Tall Loud Back Side-Short. Quiet Front Side.

As the hitter pictures his swing, he imagines the back side driving the front side out of the way. He does not want the front side to pull the back side through, an action that produces a longer, slower swing. In other words, a loud back side produces energy and force, and the quiet front side produces less initial action. In reality, both sides work together. But the front side often opens up too early, the hitter loses plate coverage, and the front shoulder pulls the weight forward, causing a slow, sweeping swing. (以下、'tall, short'の部分は省略)

バックサイドがフロントサイドを押しのけて出て行く。フロントサイドがバックサイドを引っぱり出すのではない。そうすればスイングがコンパクトになる。

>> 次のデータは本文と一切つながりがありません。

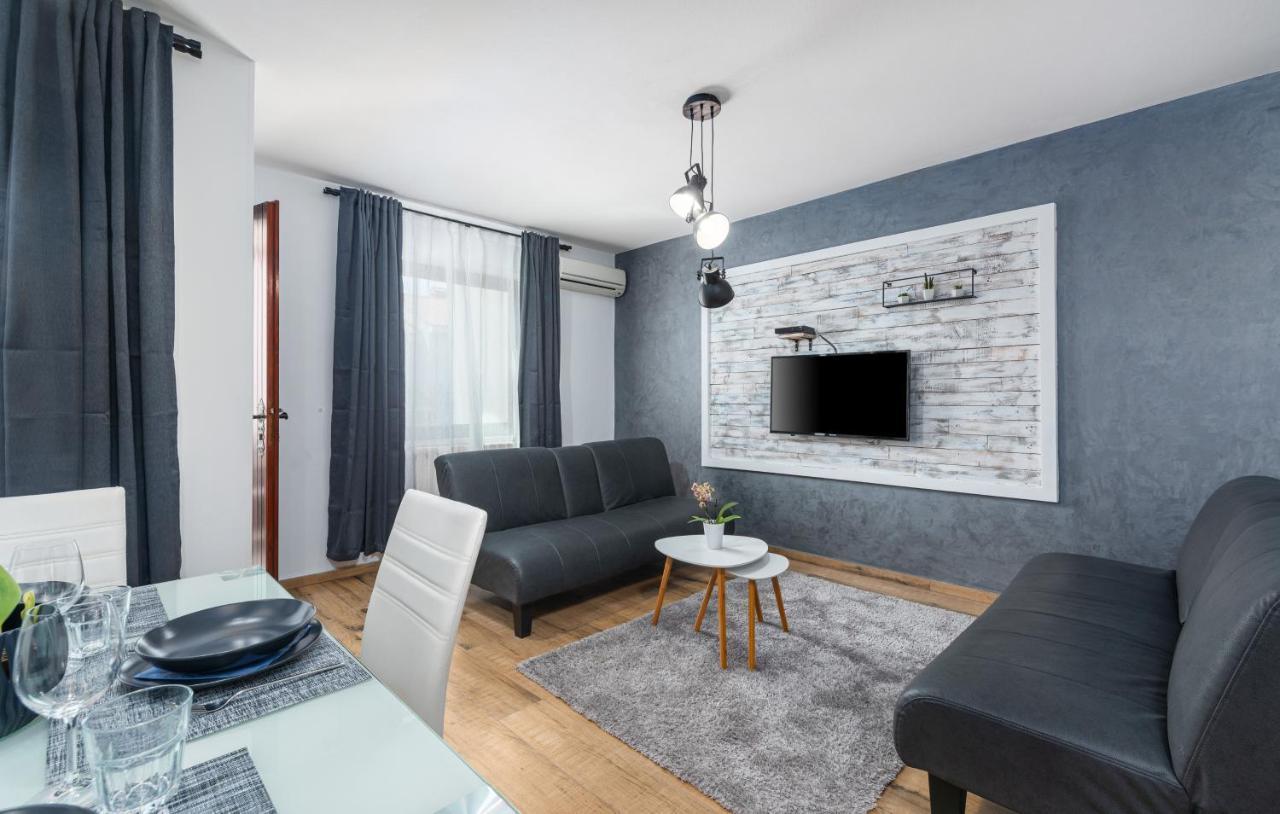 Apartments Ariana 우마그 외부 사진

 バックサイドを強調するが、現代のB型とは少しちがう。Ⅲ型はトルク打法だから、『バックサイド主体』に徹し切れてないのだ。だから、"In reality, both sides work together"などと言ったりする。

上の記述には間違いがあって、energyは生産しないが、トルクをかけるためには同じ大きさで逆方向のforce(ただし受動筋力)を発揮する必要はある。だからフロントサイドを軽視できないわけだ。
B型もトルクを使うが、バット軌道を維持するためで、ヘッド加速には使わない。


 決定的なのはトップハンドの使い方で、以下のように書かれている。

 As the hitter reaches extension, the bat arc should go through the ball. The swing is not a perfect circle. As the body rotates and bracing off occurs, the hands should take the bat through the ball in the direction the ball is to travel.
 In the mental picture of fighting for extension, the hands must be involved because they are the final summation of forces. At contact with the ball, the top hand should be facing the ball, not the sky. Although this will not always occur even on well-hit
balls, trying to get to this hand position will help the hitter fight for extension.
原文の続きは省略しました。